Июньский кризис открыл некоторые основные слабости арабской политической мысли: недостаток политической стратегии, склонность к излишней эмоциональности и чрезмерное использование националистической демагогии. Эти слабости были среди причин арабского поражения. Находя удовольствие в угрозах «стереть Израиль с лица земли» — а насколько пустыми были такие угрозы, ясно из полной военной неподготовленности арабов, — некоторые пропагандисты Египта и Иордании принесли большие дивиденды израильскому шовинизму, что позволило израильскому правительству довести народ до пароксизма страха и свирепости, которые затем обрушились на головы арабов.

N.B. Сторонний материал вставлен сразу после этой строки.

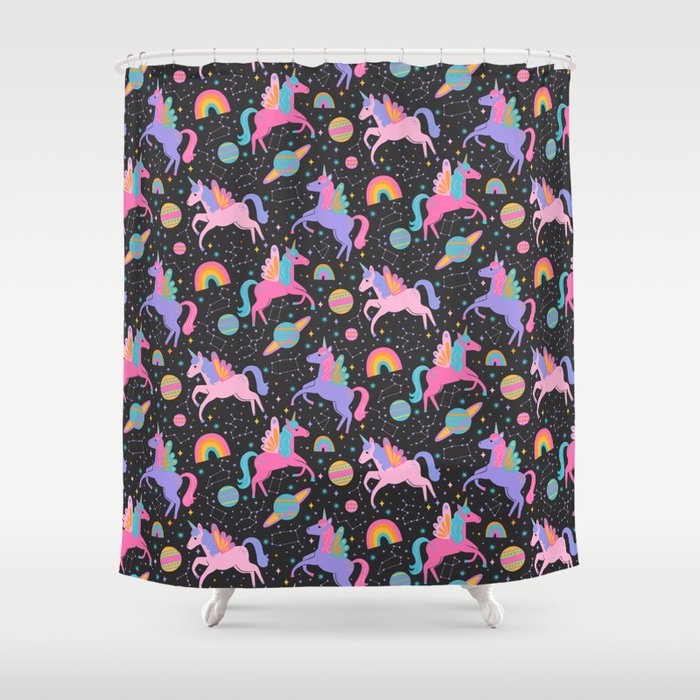 Space Unicorns - Neon Rainbow on Black Shower Curtain Gallery Image 1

Общеизвестно, что война является продолжением политики. Шестидневная война показала относительную незрелость современных арабских режимов. Израильтяне обязаны своим триумфом не только упреждающему удару, но также и более современной экономической, политической и военной организации. До определенной степени эта война вскрыла особенности развития арабских стран после Суэцкой войны и открыла его серьезнейшие недостатки. Модернизация социально-экономических структур Египта и других арабских государств, а также арабского политического мышления проходила гораздо медленнее, чем предполагал народ, склонный идеализировать правящие режимы арабских стран.

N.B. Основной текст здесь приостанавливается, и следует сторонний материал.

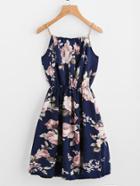 Shein Braided Bead Strap Tie Front Flower Print Dress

Сохранявшаяся отсталость, конечно, коренилась в социально-экономических условиях. Но идеология и методы организации уже сами по себе являлись ослабляющими факторами: однопартийная система, культ Насера и отсутствие свободы слова. Все это серьезно затрудняло политическое образование и социалистическое просвещение народных масс. Негативные результаты стали ощутимы на нескольких уровнях. Там, где важнейшие политические решения зависят от более или менее автократичного лидера, в мирное время нет ни подлинного народного участия в политическом процессе, ни бдительности, ни активной сознательности, ни инициативы снизу. Это имело множество последствий, в том числе и военных. Израильский упреждающий удар, нанесенный при помощи стандартного вооружения, не произвел бы такого опустошительного воздействия, если бы для вооруженных сил Египта было привычным опираться на инициативу отдельных офицеров и солдат. Местные командиры тогда бы приняли элементарные оборонительные меры предосторожности, не ожидая приказов сверху. Военная некомпетентность отразила социально-политическую слабость. Военно-бюрократические методы «насеризма» препятствовали также и политической интеграции арабского освободительного движения. Националистическая демагогия расцветает чересчур легко; но не является заменой подлинного импульса к национальному объединению и подлинной мобилизации народных сил против сеющих распри реакционных элементов. Мы увидели, как в критическом положении чрезвычайное доверие к единственному лидеру поставило судьбу арабских государств в зависимость от великодержавной интервенции и случайностей дипломатического маневра.